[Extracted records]
+ + + + +

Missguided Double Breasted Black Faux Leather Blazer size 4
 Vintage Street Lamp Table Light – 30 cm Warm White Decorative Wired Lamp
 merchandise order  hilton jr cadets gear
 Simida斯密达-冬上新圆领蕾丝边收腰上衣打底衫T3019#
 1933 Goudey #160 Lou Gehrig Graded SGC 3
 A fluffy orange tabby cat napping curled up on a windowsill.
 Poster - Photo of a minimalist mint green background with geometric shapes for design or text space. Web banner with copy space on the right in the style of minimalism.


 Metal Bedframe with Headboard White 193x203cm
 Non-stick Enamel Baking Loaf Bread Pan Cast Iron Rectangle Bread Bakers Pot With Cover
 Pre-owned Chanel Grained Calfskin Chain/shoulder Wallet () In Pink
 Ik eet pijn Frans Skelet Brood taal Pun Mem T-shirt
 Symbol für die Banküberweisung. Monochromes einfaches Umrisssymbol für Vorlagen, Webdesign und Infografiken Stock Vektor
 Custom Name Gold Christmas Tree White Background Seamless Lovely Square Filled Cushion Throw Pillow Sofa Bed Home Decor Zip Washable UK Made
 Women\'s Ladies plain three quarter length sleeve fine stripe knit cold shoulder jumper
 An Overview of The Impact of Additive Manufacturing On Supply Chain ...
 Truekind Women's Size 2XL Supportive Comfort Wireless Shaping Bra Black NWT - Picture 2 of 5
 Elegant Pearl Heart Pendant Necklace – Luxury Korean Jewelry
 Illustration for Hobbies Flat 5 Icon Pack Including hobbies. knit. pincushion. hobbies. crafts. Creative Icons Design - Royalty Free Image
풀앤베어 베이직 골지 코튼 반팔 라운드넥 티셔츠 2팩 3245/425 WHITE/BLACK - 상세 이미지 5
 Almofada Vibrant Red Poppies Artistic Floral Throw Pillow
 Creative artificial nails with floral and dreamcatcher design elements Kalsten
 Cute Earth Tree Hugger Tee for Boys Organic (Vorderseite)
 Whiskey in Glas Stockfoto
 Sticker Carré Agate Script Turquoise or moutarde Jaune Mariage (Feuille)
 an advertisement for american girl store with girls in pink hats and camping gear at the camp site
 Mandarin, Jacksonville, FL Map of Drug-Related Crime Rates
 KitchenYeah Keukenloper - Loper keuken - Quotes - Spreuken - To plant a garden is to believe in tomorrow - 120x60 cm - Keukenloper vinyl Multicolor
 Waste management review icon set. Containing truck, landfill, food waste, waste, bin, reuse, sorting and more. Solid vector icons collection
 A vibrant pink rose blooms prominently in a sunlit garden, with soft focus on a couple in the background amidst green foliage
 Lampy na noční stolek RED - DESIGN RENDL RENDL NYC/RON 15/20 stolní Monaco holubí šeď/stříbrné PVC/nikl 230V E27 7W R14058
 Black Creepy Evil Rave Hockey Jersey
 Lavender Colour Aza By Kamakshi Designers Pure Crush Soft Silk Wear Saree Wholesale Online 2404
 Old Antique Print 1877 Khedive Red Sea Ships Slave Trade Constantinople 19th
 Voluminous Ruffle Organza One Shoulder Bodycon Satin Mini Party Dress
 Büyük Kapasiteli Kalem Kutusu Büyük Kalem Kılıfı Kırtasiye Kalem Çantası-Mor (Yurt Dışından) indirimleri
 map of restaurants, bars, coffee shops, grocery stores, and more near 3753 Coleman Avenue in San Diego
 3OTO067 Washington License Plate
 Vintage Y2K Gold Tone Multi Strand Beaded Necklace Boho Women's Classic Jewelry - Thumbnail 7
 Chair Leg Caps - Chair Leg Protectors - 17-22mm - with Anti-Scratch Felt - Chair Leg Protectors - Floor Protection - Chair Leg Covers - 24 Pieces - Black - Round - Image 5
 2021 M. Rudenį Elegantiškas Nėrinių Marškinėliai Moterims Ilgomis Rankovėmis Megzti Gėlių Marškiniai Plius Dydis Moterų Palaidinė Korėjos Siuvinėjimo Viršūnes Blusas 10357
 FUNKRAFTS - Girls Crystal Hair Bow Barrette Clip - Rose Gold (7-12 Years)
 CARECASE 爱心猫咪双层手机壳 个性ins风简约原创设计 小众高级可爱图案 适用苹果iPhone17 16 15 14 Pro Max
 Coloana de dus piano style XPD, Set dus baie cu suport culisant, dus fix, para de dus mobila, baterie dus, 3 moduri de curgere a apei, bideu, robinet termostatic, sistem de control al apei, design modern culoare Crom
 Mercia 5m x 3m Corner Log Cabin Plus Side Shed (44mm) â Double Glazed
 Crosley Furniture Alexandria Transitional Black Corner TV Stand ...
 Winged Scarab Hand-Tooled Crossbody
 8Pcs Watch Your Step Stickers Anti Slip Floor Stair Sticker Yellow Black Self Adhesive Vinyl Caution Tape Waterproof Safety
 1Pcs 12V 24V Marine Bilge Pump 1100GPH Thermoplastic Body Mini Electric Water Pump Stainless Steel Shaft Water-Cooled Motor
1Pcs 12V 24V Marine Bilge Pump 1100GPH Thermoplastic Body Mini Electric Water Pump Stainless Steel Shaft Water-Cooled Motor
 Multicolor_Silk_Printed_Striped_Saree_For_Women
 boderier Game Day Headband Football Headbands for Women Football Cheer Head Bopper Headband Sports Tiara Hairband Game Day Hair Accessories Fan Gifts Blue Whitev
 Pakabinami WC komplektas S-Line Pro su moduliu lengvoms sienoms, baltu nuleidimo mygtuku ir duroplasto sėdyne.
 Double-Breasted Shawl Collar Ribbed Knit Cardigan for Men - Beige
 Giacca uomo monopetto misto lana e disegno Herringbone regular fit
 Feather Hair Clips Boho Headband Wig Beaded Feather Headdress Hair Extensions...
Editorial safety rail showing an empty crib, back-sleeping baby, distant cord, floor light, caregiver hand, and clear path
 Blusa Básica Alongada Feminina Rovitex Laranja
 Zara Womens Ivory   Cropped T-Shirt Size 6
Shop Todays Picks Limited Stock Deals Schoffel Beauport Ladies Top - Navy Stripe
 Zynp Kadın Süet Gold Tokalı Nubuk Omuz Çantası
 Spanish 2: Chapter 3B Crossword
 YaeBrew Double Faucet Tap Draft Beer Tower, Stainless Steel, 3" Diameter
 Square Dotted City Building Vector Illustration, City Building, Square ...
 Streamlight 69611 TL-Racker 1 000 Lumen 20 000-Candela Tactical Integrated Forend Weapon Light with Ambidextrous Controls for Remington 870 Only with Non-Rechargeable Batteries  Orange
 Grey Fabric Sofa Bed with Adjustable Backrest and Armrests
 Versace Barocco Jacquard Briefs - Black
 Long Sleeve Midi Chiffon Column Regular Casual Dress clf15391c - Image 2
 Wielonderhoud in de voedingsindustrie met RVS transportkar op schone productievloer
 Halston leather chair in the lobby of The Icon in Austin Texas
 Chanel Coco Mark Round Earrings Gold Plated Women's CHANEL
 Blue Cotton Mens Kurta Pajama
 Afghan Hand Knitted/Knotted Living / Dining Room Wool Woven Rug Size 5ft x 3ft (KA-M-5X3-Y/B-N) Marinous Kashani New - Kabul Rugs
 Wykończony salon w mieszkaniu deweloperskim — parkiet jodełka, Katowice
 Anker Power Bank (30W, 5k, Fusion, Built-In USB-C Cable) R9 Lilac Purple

+ + + + +

# WHAT YOU HAVE TO DO:
In the entries above, the lines from the one bearing "Almofada Vibrant Red" up to and including the one bearing "CARECASE 爱心猫咪双层手机壳 个性ins风简约原创设计" should be transcribed exactly; no other line is wanted.

# EXERCISE RESPONSE:
 Almofada Vibrant Red Poppies Artistic Floral Throw Pillow
 Creative artificial nails with floral and dreamcatcher design elements Kalsten
 Cute Earth Tree Hugger Tee for Boys Organic (Vorderseite)
 Whiskey in Glas Stockfoto
 Sticker Carré Agate Script Turquoise or moutarde Jaune Mariage (Feuille)
 an advertisement for american girl store with girls in pink hats and camping gear at the camp site
 Mandarin, Jacksonville, FL Map of Drug-Related Crime Rates
 KitchenYeah Keukenloper - Loper keuken - Quotes - Spreuken - To plant a garden is to believe in tomorrow - 120x60 cm - Keukenloper vinyl Multicolor
 Waste management review icon set. Containing truck, landfill, food waste, waste, bin, reuse, sorting and more. Solid vector icons collection
 A vibrant pink rose blooms prominently in a sunlit garden, with soft focus on a couple in the background amidst green foliage
 Lampy na noční stolek RED - DESIGN RENDL RENDL NYC/RON 15/20 stolní Monaco holubí šeď/stříbrné PVC/nikl 230V E27 7W R14058
 Black Creepy Evil Rave Hockey Jersey
 Lavender Colour Aza By Kamakshi Designers Pure Crush Soft Silk Wear Saree Wholesale Online 2404
 Old Antique Print 1877 Khedive Red Sea Ships Slave Trade Constantinople 19th
 Voluminous Ruffle Organza One Shoulder Bodycon Satin Mini Party Dress
 Büyük Kapasiteli Kalem Kutusu Büyük Kalem Kılıfı Kırtasiye Kalem Çantası-Mor (Yurt Dışından) indirimleri
 map of restaurants, bars, coffee shops, grocery stores, and more near 3753 Coleman Avenue in San Diego
 3OTO067 Washington License Plate
 Vintage Y2K Gold Tone Multi Strand Beaded Necklace Boho Women's Classic Jewelry - Thumbnail 7
 Chair Leg Caps - Chair Leg Protectors - 17-22mm - with Anti-Scratch Felt - Chair Leg Protectors - Floor Protection - Chair Leg Covers - 24 Pieces - Black - Round - Image 5
 2021 M. Rudenį Elegantiškas Nėrinių Marškinėliai Moterims Ilgomis Rankovėmis Megzti Gėlių Marškiniai Plius Dydis Moterų Palaidinė Korėjos Siuvinėjimo Viršūnes Blusas 10357
 FUNKRAFTS - Girls Crystal Hair Bow Barrette Clip - Rose Gold (7-12 Years)
 CARECASE 爱心猫咪双层手机壳 个性ins风简约原创设计 小众高级可爱图案 适用苹果iPhone17 16 15 14 Pro Max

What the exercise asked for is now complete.